Пятидесятилетний Альфред Кум Барнс уже приезжал в Париж, осчастливил и прославил многих монпарнасских гениев (а заодно и свою коллекцию в Мерионе близ Филадельфии), что-то обещал Жаку Липшицу из «Улья», но теперь ищет что-нибудь из ряда вон выходящее. Вот нашел же москвич Щукин Матисса, а Стайны — Пикассо, вот и ему бы что-нибудь по вкусу… А вкус у него, надо сказать, отменный. И вообще, он не простой денежный мешок, этот Барнс, он еще и психологию изучал в Гейдельберге. Молодой маршан Поль Гийом (он и сам ведь щеголеват, но не прост на портрете покойного Модильяни) писал о Барнсе, что это «человек пылкий, демократичный, неистощимый, несгибаемый, очаровательный, импульсивный, щедрый, уникальный». Конечно, лишь недавно открывший галерею маршан хочет польстить великому человеку, но даже если половина из перечисленных им высоких качеств имеет отношение к Барнсу, уже не худо. К Полю Гийому Барнс и направляет свои шаги на парижских золотых приисках.
Бесконечно перебирая картины, Барнс случайно наткнулся на единственное полотно Сутина, купленное для себя маршаном, и всем доказал, что у него, у Барнса, глаз — алмаз. Впрочем, предоставим слово самому совершенно ошалевшему в тот день Полю Гийому: «Доктор Барнс увидел у меня это полотно. „Ого, это же первый сорт!“ — вскричал он. Его неудержимый взрыв восторга при виде этого холста круто изменил всю судьбу Сутина, сделал его в одночасье известным художником, за которым стали охотиться любители, фигурой, с которой не шутят: на Монпарнасе он стал героем».

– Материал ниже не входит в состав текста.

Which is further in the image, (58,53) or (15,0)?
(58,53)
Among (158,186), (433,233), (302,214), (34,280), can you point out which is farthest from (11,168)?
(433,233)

Поль Гийом повел доктора Барнса к Зборовскому, и вот как рассказывает о случившемся кухарка Зборовского Полет Журдан:
«Мне тогда было семнадцать лет. Я была на улице Жозеф-Бара № 3, у Зборовского, когда приехал Барнс: маленький такой старичок в очках. Збо разобрал все, что Сутин привез из Сере. Я спасла от огня штук пять картин и спрятала их у себя в комнатке. Барнс пришел с Полем Гийомом. Ну вот, разложили, значит, Сутина на полу, по пять тыщ и по десять тыщ за штуку. (Раньше-то брали по пять франков за штуку. — Б. Н.) Барнс их взял двадцать пять штук (позднее добрал еще штук семьдесят пять. — Б. Н.), выбрал те, что были пожирней, понаваристей (конечно же, это означает не только наваристей, но и „пастознее“, есть такое слово в словаре, но Полет Журдан все же кухарка была. С другой стороны, она была кухарка в доме, кишевшем живописцами, так что вполне могла выражаться, как кандидат искусствоведения. — Б. Н.), — пейзажи отобрал и портреты. Тут Зборовский вдруг спохватился: „А где твои картины?“ Пришлось их ему вернуть».

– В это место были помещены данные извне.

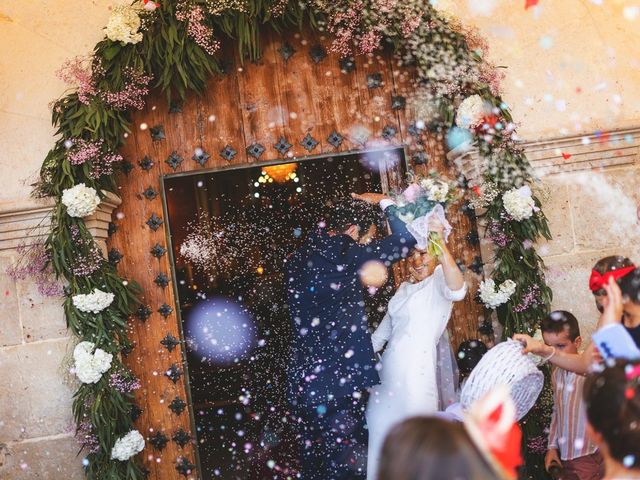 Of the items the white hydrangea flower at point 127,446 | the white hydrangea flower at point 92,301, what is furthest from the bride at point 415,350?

Легко понять, что Зборовский поспешил сообщить эту сказочную новость художнику и попросил его прийти повидаться с американцем. Тот пришел, но сцену их знакомства он описал Хане Орловой гораздо позднее с типично сутинской смесью застенчивости, гордыни, неумения быть благодарным, общаться…
«Барнс сидел, он поднял голову и сказал: „Ага! Это и есть Сутин! Ну и ладно“».

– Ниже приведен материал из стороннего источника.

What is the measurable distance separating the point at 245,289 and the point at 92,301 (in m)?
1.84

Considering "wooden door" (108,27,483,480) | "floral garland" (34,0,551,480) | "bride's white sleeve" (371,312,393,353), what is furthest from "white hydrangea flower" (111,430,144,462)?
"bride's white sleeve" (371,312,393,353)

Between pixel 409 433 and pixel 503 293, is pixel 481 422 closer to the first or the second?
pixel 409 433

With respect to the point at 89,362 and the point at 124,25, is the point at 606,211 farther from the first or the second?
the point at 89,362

Художник добавлял, что последний дурак он был, Сутин, что пошел знакомиться с этим невежей.
На самом деле, всем ясно было, что доктор Барнс вовсе не был невежа из филадельфийского захолустья. Он увидел в картинах русского гения из Смиловичей то самое, что разглядел в них раньше пропащий гений из Ливорно, бедняга Модильяни, — «невероятную мощь и проникновенность». Об этом Барнс и написал по возвращении в Америку в журнале «Искусство живописи» («Art in Painting»). Он написал «о мнимом хаосе и нагромождениях, где на самом деле есть величайшее равновесие линий и красочных масс, которые в их странном устремлении и сочетании рождают мощные, трепещущие ритмы, пронизывающие все полотно от одного края до другого». Американский коллекционер усматривал в полотнах Сутина самые разнообразные влияния — от Домье и Сезанна до Ван-Гога и негритянского искусства. Барнс писал также об очень любопытных искажениях натуры у Сутина, о том, какую роль играют руки и лицо его модели в достижении пластического единства. Барнс с изумлением писал о диспропорции черт лица на портретах Сутина (вроде гигантского уха, о котором забываешь в искусном сочетании красок). По мнению Барнса, диспропорции эти превосходят дерзания Матисса, но Сутин, в отличие от Матисса, не организует свою живопись, а целиком отдается своему порыву, словно не задумываясь, как он выйдет из положения. «Сутин достигает результатов за счет цвета, — замечает Барнс, — достигает богатым, насыщенным, смачным колоритом, который объединяет все части картины…»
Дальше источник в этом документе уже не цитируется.